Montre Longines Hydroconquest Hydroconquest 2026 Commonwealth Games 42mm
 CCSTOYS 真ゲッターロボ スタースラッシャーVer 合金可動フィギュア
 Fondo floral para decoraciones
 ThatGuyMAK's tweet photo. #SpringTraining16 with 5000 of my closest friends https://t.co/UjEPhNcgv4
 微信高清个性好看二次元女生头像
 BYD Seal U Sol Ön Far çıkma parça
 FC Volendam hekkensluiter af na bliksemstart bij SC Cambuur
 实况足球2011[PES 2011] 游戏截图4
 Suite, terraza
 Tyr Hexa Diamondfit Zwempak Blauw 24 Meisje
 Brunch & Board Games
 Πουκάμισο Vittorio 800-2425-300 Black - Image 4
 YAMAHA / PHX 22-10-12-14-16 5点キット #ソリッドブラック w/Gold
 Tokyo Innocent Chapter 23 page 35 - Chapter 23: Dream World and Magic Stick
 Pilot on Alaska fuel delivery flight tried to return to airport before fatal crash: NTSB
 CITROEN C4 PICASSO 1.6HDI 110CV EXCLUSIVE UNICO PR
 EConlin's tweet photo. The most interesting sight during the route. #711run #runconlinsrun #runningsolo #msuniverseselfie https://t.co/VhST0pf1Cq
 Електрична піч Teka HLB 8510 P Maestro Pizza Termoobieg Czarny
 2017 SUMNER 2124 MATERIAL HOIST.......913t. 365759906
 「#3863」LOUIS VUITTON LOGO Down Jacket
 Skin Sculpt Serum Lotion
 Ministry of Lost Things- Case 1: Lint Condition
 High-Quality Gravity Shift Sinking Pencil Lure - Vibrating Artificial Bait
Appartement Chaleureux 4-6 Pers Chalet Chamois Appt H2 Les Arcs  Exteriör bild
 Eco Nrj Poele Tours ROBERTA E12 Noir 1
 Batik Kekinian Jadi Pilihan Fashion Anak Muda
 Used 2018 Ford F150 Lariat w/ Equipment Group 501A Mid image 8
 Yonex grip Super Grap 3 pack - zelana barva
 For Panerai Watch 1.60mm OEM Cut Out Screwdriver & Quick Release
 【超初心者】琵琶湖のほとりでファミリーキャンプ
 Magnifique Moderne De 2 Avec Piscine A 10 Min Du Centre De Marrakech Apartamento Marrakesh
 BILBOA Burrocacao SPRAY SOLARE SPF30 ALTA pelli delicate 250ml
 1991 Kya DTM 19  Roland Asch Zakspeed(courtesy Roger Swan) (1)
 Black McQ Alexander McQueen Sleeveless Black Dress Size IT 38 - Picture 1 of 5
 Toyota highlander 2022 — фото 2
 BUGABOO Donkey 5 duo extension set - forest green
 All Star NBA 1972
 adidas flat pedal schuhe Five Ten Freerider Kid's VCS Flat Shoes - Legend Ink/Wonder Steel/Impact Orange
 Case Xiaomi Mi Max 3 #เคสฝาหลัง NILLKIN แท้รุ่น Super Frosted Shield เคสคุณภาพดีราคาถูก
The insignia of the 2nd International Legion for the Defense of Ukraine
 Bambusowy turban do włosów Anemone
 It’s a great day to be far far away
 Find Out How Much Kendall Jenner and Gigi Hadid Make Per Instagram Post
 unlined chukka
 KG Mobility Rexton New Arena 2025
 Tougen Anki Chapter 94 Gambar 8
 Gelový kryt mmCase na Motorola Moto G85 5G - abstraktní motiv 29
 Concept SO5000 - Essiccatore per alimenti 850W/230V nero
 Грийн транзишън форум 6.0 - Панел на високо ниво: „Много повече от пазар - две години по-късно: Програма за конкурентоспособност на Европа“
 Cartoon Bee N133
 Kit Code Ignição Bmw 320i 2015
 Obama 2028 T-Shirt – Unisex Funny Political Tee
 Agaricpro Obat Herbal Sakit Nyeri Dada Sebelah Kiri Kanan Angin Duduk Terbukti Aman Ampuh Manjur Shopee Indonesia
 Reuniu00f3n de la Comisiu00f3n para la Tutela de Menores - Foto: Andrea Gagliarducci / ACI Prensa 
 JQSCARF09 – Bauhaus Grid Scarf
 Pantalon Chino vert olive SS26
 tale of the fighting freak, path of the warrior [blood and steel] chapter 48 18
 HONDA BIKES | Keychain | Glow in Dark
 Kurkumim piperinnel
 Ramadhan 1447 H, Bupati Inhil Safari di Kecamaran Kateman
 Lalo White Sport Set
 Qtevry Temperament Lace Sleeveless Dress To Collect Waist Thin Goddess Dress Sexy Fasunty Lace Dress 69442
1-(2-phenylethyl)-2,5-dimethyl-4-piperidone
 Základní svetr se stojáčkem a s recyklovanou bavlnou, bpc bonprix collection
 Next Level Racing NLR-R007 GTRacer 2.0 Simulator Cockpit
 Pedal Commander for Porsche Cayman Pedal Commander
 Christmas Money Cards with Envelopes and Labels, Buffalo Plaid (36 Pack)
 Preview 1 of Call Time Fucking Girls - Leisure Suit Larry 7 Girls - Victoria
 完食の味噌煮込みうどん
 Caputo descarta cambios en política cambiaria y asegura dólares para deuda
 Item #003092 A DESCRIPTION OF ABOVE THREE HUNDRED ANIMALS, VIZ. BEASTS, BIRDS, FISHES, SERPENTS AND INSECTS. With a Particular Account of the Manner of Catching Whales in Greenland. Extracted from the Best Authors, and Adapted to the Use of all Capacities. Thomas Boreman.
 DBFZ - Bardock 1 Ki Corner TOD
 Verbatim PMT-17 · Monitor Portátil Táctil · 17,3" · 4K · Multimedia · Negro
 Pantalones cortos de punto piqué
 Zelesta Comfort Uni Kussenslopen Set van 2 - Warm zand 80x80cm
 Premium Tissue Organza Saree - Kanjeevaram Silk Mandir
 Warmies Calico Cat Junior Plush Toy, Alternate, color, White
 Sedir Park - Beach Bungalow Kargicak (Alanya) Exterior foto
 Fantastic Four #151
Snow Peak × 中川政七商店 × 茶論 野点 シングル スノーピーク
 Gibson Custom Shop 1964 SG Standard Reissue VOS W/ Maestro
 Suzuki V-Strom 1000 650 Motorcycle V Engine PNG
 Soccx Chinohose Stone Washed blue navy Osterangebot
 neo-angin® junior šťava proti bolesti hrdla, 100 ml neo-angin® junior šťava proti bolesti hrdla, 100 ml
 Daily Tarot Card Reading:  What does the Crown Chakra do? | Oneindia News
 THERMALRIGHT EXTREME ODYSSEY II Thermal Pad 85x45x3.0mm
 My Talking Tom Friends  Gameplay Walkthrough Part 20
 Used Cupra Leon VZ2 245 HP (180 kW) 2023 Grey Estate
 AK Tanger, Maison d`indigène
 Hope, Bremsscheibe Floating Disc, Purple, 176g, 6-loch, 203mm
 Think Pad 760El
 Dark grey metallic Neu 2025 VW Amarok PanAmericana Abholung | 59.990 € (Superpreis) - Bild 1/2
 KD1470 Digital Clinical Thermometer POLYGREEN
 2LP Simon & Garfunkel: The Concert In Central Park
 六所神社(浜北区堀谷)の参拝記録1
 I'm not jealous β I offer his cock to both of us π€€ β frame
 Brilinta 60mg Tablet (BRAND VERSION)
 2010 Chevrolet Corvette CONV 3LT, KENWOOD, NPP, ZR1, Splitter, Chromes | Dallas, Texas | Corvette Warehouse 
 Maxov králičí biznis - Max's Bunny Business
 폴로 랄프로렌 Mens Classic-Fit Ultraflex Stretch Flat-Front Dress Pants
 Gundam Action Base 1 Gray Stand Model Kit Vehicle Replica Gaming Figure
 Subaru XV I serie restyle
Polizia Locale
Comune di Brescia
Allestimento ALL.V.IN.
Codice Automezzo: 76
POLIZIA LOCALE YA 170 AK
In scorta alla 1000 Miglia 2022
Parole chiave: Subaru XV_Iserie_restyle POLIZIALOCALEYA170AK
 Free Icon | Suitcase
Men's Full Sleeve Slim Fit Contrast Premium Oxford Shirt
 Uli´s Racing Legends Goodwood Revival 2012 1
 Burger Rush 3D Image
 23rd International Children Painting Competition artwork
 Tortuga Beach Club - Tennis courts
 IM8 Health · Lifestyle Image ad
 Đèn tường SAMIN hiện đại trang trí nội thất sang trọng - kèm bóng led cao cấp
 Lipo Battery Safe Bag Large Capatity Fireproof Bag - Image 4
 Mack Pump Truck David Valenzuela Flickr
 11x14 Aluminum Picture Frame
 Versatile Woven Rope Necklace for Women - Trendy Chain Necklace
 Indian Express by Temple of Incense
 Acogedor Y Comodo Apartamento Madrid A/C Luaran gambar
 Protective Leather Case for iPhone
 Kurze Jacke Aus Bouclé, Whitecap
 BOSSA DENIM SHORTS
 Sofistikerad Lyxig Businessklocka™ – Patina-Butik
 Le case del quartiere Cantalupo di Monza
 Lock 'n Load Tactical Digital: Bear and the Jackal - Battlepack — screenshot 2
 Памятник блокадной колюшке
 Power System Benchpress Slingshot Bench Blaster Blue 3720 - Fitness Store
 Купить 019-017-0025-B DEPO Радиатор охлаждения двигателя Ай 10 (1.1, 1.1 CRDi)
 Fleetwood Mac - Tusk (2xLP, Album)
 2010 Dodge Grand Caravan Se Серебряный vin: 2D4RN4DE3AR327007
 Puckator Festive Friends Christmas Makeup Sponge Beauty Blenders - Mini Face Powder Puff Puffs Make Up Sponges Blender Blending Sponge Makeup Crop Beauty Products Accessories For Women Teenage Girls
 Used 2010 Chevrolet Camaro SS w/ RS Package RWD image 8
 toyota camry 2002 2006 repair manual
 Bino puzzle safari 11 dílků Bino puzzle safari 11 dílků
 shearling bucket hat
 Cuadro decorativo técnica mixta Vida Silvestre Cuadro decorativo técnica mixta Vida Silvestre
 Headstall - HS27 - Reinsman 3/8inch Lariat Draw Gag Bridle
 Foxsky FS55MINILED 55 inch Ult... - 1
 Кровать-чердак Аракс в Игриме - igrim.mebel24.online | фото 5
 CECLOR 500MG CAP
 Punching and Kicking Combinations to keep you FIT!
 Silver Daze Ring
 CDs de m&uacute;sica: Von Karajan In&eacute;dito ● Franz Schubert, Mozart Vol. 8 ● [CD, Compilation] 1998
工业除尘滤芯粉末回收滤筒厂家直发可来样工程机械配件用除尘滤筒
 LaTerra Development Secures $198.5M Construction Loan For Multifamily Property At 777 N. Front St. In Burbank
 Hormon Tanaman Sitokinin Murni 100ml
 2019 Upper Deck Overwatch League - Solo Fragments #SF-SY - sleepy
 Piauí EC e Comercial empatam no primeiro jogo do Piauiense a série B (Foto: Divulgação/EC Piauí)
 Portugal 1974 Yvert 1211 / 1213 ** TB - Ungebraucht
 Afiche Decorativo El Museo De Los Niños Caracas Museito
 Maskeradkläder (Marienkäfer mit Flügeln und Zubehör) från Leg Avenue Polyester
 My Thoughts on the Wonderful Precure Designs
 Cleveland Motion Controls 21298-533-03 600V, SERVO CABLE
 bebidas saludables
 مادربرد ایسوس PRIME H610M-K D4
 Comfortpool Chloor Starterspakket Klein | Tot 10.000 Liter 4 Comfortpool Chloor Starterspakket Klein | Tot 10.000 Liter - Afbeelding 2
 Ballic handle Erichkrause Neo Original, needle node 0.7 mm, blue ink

::::::::::

## Exercise directions
Beginning with the line that has "Eco Nrj Poele Tours ROBERTA E12 Noir 1" and ending with the line that has "Concept SO5000 - Essiccatore", set down the lines above exactly and include no others.

## Answer section
 Eco Nrj Poele Tours ROBERTA E12 Noir 1
 Batik Kekinian Jadi Pilihan Fashion Anak Muda
 Used 2018 Ford F150 Lariat w/ Equipment Group 501A Mid image 8
 Yonex grip Super Grap 3 pack - zelana barva
 For Panerai Watch 1.60mm OEM Cut Out Screwdriver & Quick Release
 【超初心者】琵琶湖のほとりでファミリーキャンプ
 Magnifique Moderne De 2 Avec Piscine A 10 Min Du Centre De Marrakech Apartamento Marrakesh
 BILBOA Burrocacao SPRAY SOLARE SPF30 ALTA pelli delicate 250ml
 1991 Kya DTM 19  Roland Asch Zakspeed(courtesy Roger Swan) (1)
 Black McQ Alexander McQueen Sleeveless Black Dress Size IT 38 - Picture 1 of 5
 Toyota highlander 2022 — фото 2
 BUGABOO Donkey 5 duo extension set - forest green
 All Star NBA 1972
 adidas flat pedal schuhe Five Ten Freerider Kid's VCS Flat Shoes - Legend Ink/Wonder Steel/Impact Orange
 Case Xiaomi Mi Max 3 #เคสฝาหลัง NILLKIN แท้รุ่น Super Frosted Shield เคสคุณภาพดีราคาถูก
The insignia of the 2nd International Legion for the Defense of Ukraine
 Bambusowy turban do włosów Anemone
 It’s a great day to be far far away
 Find Out How Much Kendall Jenner and Gigi Hadid Make Per Instagram Post
 unlined chukka
 KG Mobility Rexton New Arena 2025
 Tougen Anki Chapter 94 Gambar 8
 Gelový kryt mmCase na Motorola Moto G85 5G - abstraktní motiv 29
 Concept SO5000 - Essiccatore per alimenti 850W/230V nero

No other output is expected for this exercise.